### Problem
It would help if you retyped the data exactly, leaving out the pictures.

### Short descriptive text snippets
--------

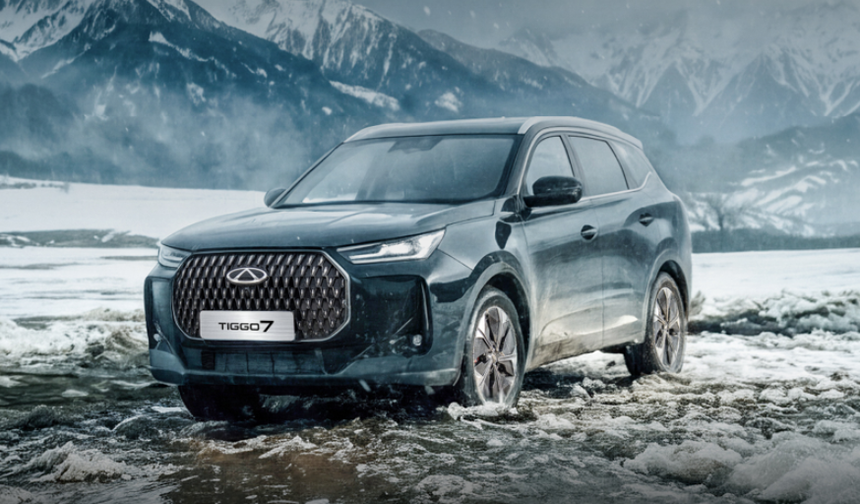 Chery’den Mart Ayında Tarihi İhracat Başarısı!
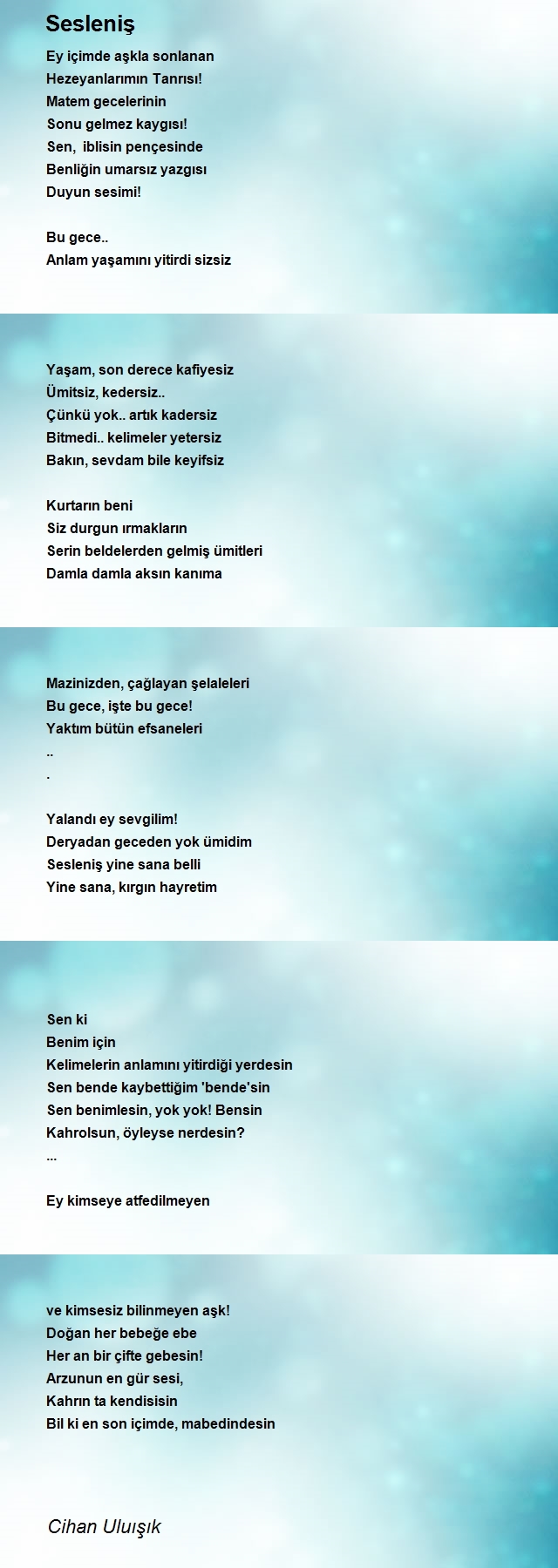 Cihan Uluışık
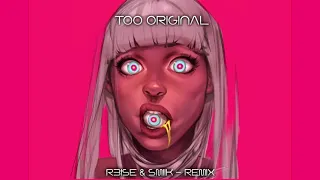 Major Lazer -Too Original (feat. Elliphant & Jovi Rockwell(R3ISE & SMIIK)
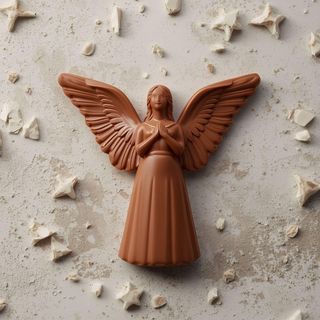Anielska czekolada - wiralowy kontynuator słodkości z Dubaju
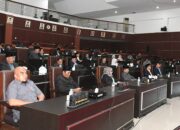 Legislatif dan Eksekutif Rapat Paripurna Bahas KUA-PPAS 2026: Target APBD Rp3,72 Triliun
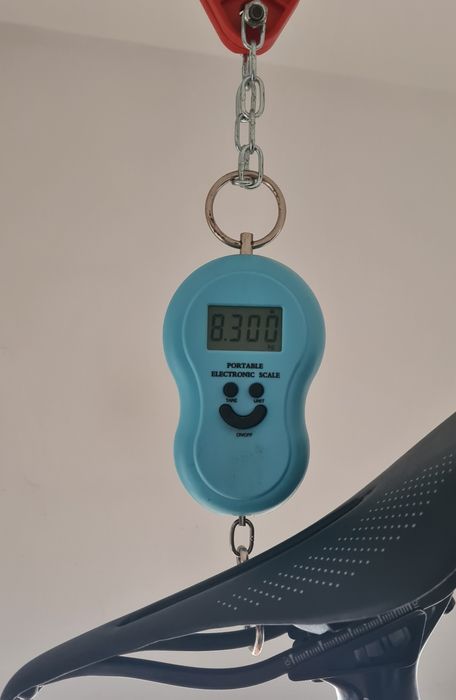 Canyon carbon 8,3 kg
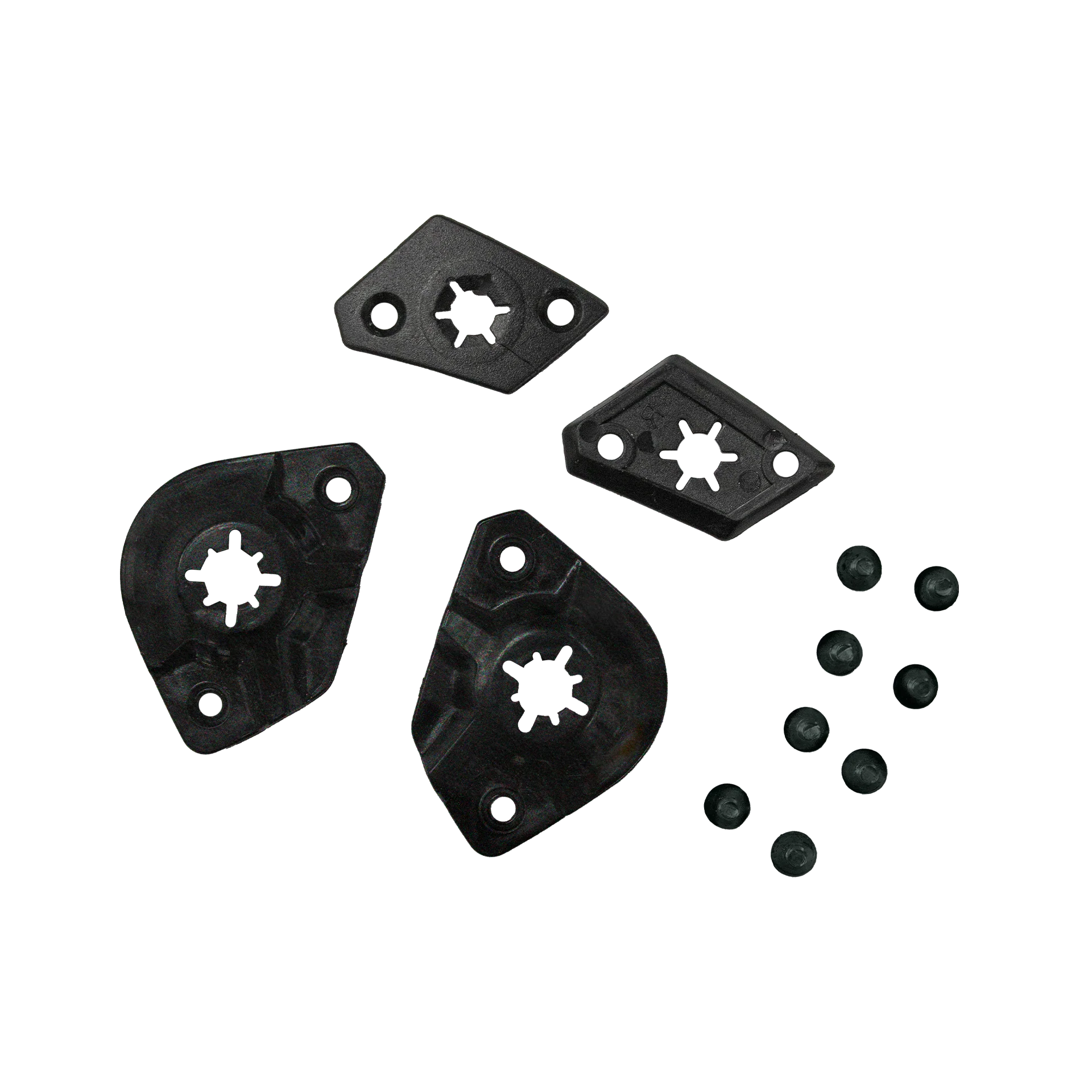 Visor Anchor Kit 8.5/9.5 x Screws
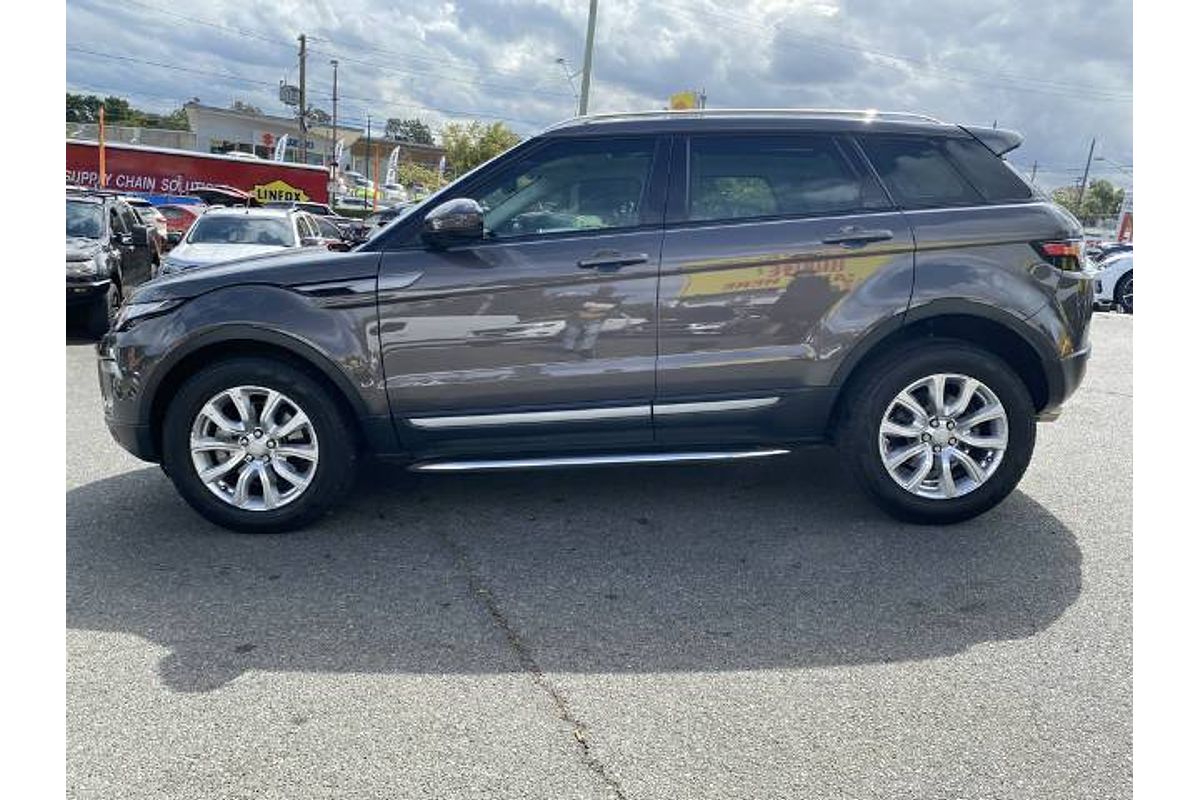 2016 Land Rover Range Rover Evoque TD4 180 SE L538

--------

### Worked solution
 Chery’den Mart Ayında Tarihi İhracat Başarısı!
 Cihan Uluışık
 Major Lazer -Too Original (feat. Elliphant & Jovi Rockwell(R3ISE & SMIIK)
Anielska czekolada - wiralowy kontynuator słodkości z Dubaju
 Legislatif dan Eksekutif Rapat Paripurna Bahas KUA-PPAS 2026: Target APBD Rp3,72 Triliun
 Canyon carbon 8,3 kg
 Visor Anchor Kit 8.5/9.5 x Screws
 2016 Land Rover Range Rover Evoque TD4 180 SE L538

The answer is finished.